Frutto di doppia fermentazione artigianale e spontanea – che usa cioè il metodo più lento e tradizionale di acetificazione, vale a dire quella statica superficiale senza impiego di macchinari che ne velocizzino il processo, e senza l’utilizzo di culture starter ma solo tramite i batteri presenti nell’ambiente dell’acetaia e delle botti che qui riposano, rendendo di fatto ogni lotto irripetibile –, Kuriso è sicuramente un prodotto unico (oltre che estremamente interessante, per gli chef in primis), per l’Italia e non solo.

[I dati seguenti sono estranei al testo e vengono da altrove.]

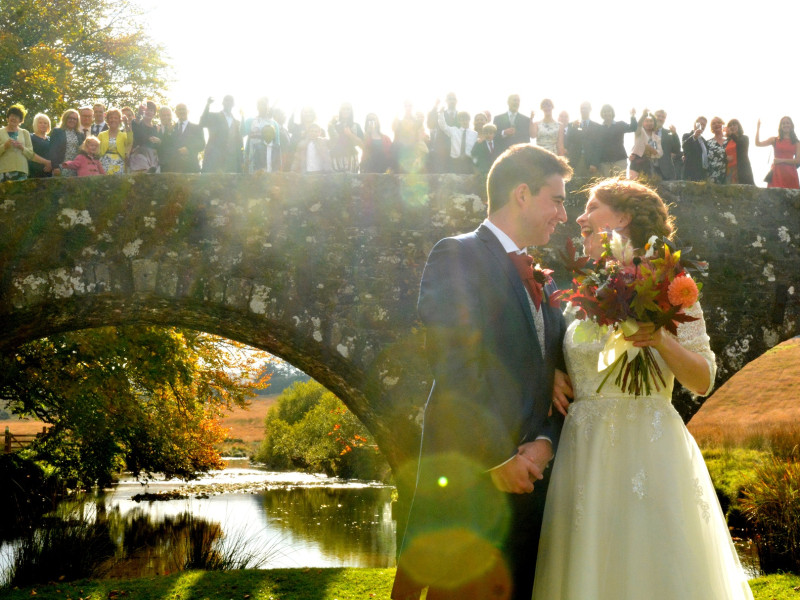 People stood on a bridge celebrating the married couple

Dal Giappone all’Emilia-Romagna, come nasce l’idea
L’idea nasce infatti dal Giappone, dove l’aceto di riso nero – Kurozu o Kurosu, da kuro, che significa “nero”, e su, che significa “aceto”, da cui l’italianizzazione del nome che è un marchio registrato – è un ingrediente molto comune: è lì, nei suoi tanti viaggi di conoscenza e promozione dei suoi aceti, che Bezzecchi lo ha conosciuto, approfondendo una scoperta fatta qualche anno prima in Cina: «Circa dieci anni fa, con UniMoRe, ho partecipato a un congresso scientifico sugli acetobatteri presso la regione cinese di Taiyuan, famosa per i pregiati aceti scuri da cereali, che mi ha aperto un mondo estremamente interessante», racconta.

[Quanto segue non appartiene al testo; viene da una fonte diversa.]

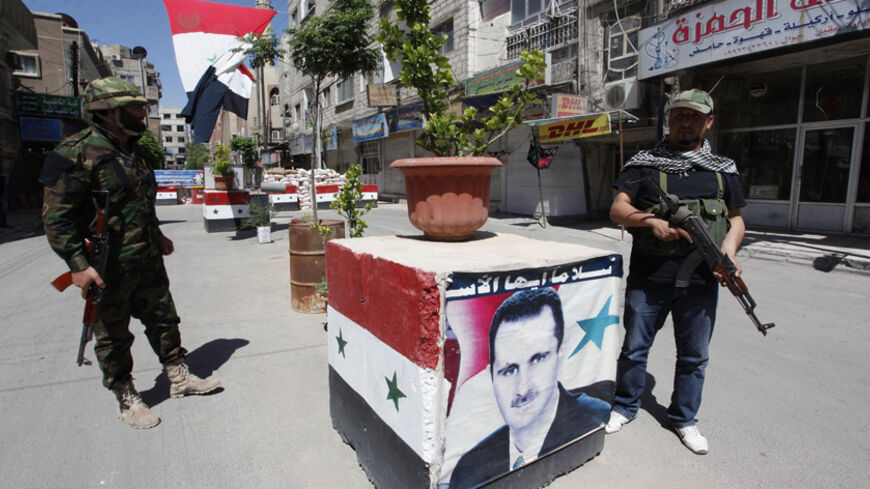 Security personnel loyal to Syria's President Bashar al-Assad stand guard at a checkpoint in Damascus May 27, 2013. Picture taken May 27, 2013.  REUTERS/ Alaa Al-Marjani (SYRIA - Tags: CIVIL UNREST POLITICS MILITARY CONFLICT) - RTX104TS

Un tema che ha approfondito appunto nella sua tesi di dottorato, con un capitolo dedicato alla produzione di aceti innovativi sulla base di materie prime non convenzionali o “di scarto” – tra cui il siero del Parmigiano Reggiano, formaggio di cui è degustatore professionista, e appunto il riso nero integrale italiano – e tramite il metodo lento e complesso dell’acetificazione spontanea in botte. Con l’idea, appunto, di differenziarsi dalle tradizioni orientali per il non utilizzo di starter – quali funghi come koji o Qu, che però liberano amminoacidi come il glutammato, che portano alla creazione del gusto umami dando un altro carattere al prodotto – e per l’uso di piccole barrique scolme, aperte e già usate per il vino, che arricchiscono l’aceto con note tanniche e danno complessità.
L’importanza del tempo
Dalla teoria alla pratica, subito dopo la discussione della tesi nel 2020 Andrea Bezzecchi si è messo a lavorare sulla produzione di questo nuovo aceto che, dopo la fermentazione spontanea in barile lunga almeno due anni, è stato affinato per un ulteriore anno in botti di legno (castagno e rovere) già utilizzate da Acetaia San Giacomo per fare altri aceti che nascono nella bottaia, accanto al pregiato Aceto Balsamico Tradizionale di Reggio Emilia Dop (del cui Consorzio di Tutela Bezzecchi è attualmente vicepresidente).
Se la produzione di aceto di riso, mutuata appunto dalla tradizione orientale, non è ormai una novità in Italia dove è apprezzato per il sapore leggero e il gusto delicato, a rendere unico Kuriso è non solo l’unione tra la tradizione artigiana emiliana e la materia prima piemontese, ma soprattutto l’utilizzo – in particolare per la seconda fermentazione – del metodo lento. E come sempre, il tempo si rivela un ingrediente prezioso.